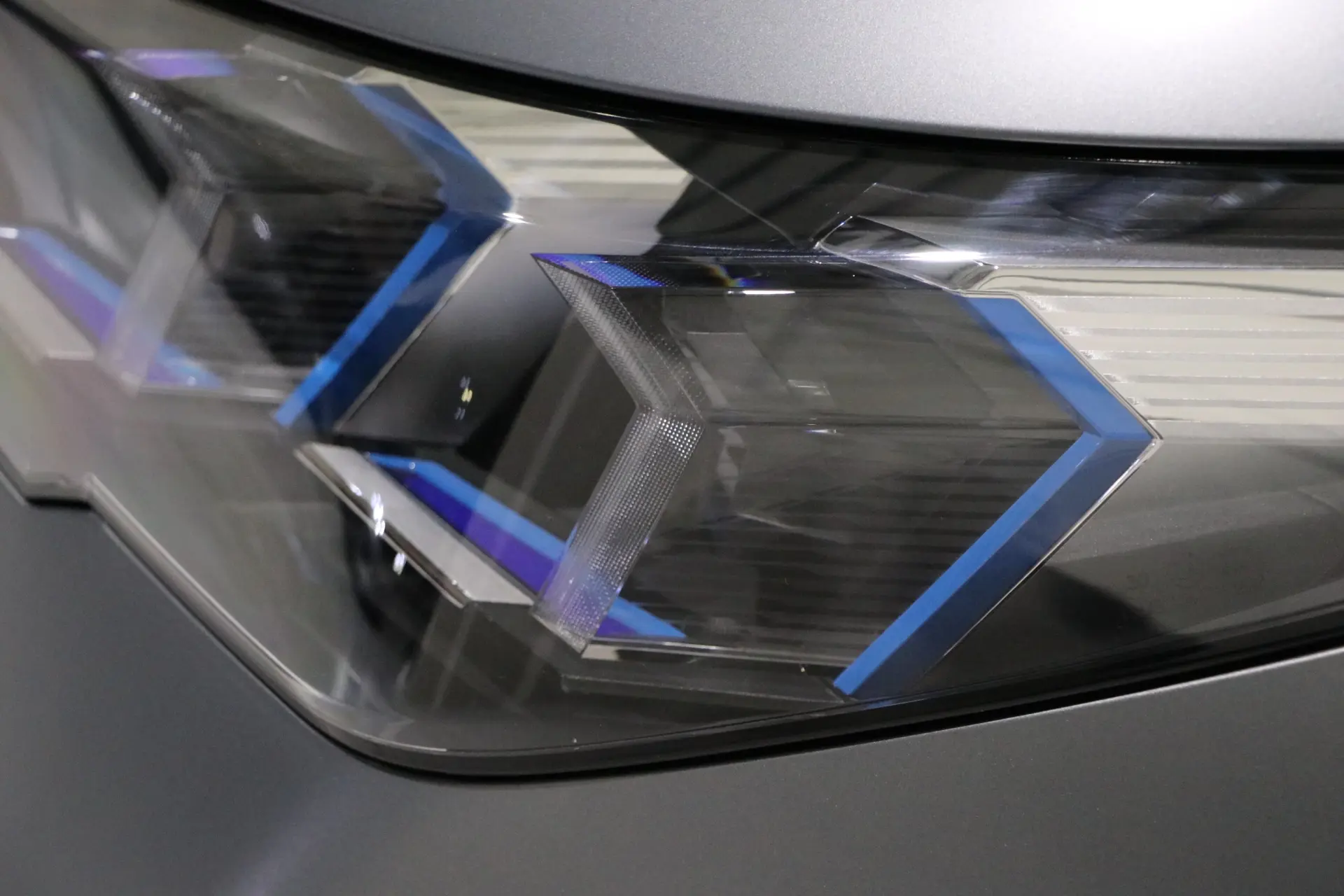BMW iX2 eDrive20 Pack Desportivo M Pro 22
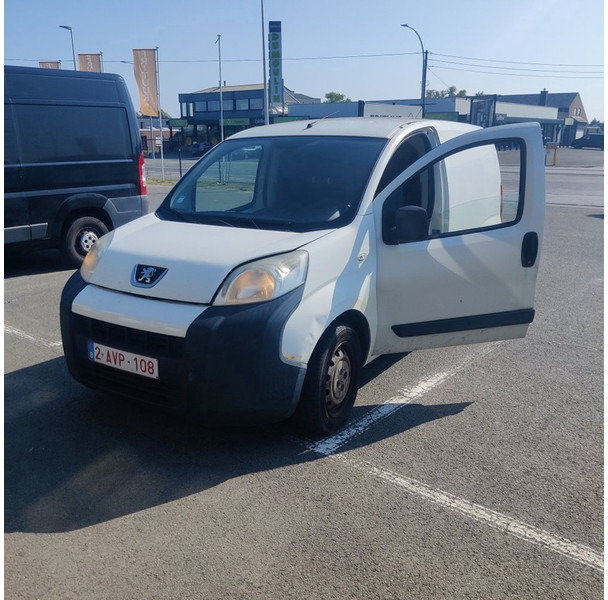 Peugeot Bipper - Vieglā automašīna: foto 1 Peugeot Bipper - Vieglā automašīna: foto 1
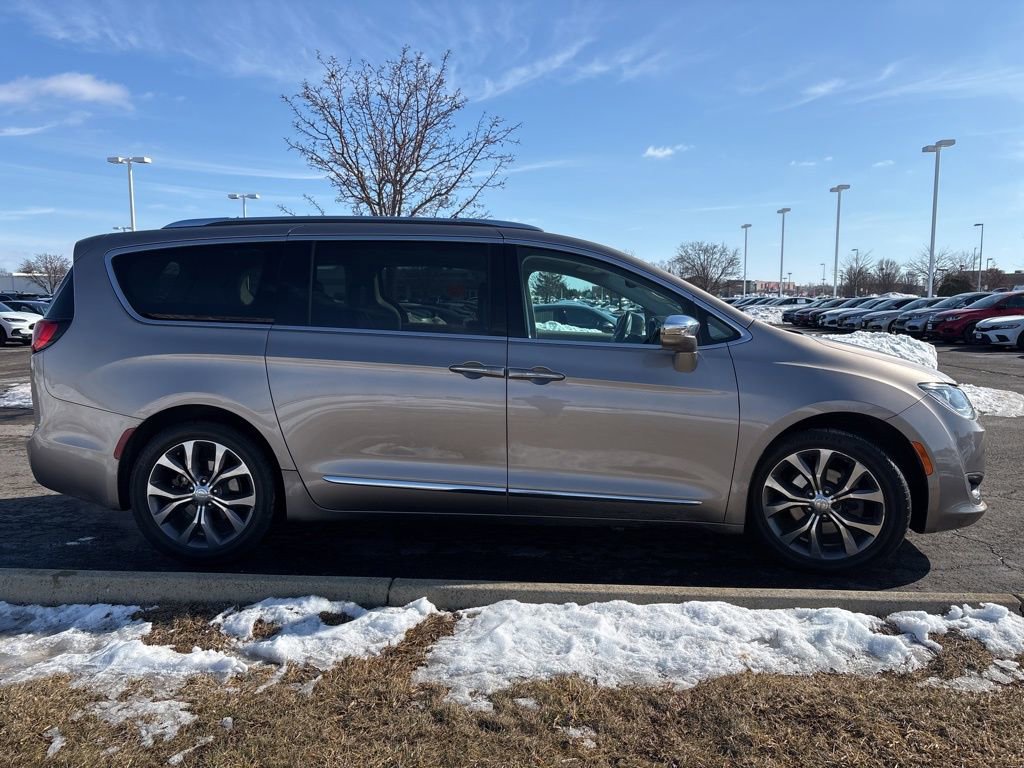 Used 2017 Chrysler Pacifica Limited w/ Tire & Wheel Group image 13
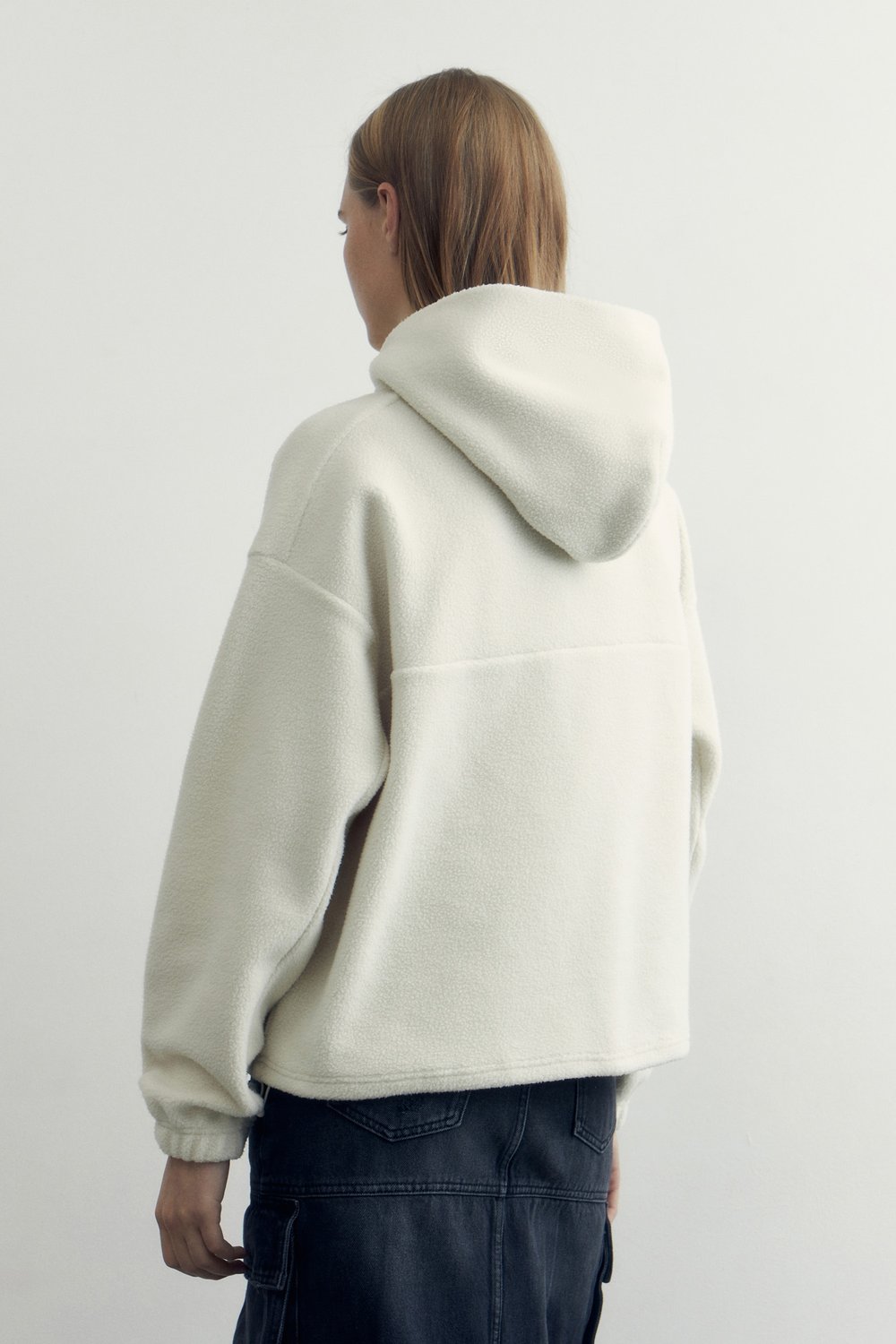 Укороченное худи oversize из флиса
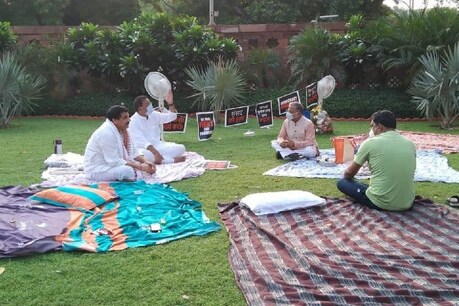 सांसदों का धरना रातभर जारी रहा.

● ● ● ● ● ● ●

▶ [TASK TO CARRY OUT] Ignoring the pictures, write out word for word the lines from the line containing "Used 2017 Chrysler" through the end of the material above.

▶ [TASK RESULT]
 Used 2017 Chrysler Pacifica Limited w/ Tire & Wheel Group image 13
 Укороченное худи oversize из флиса
 सांसदों का धरना रातभर जारी रहा.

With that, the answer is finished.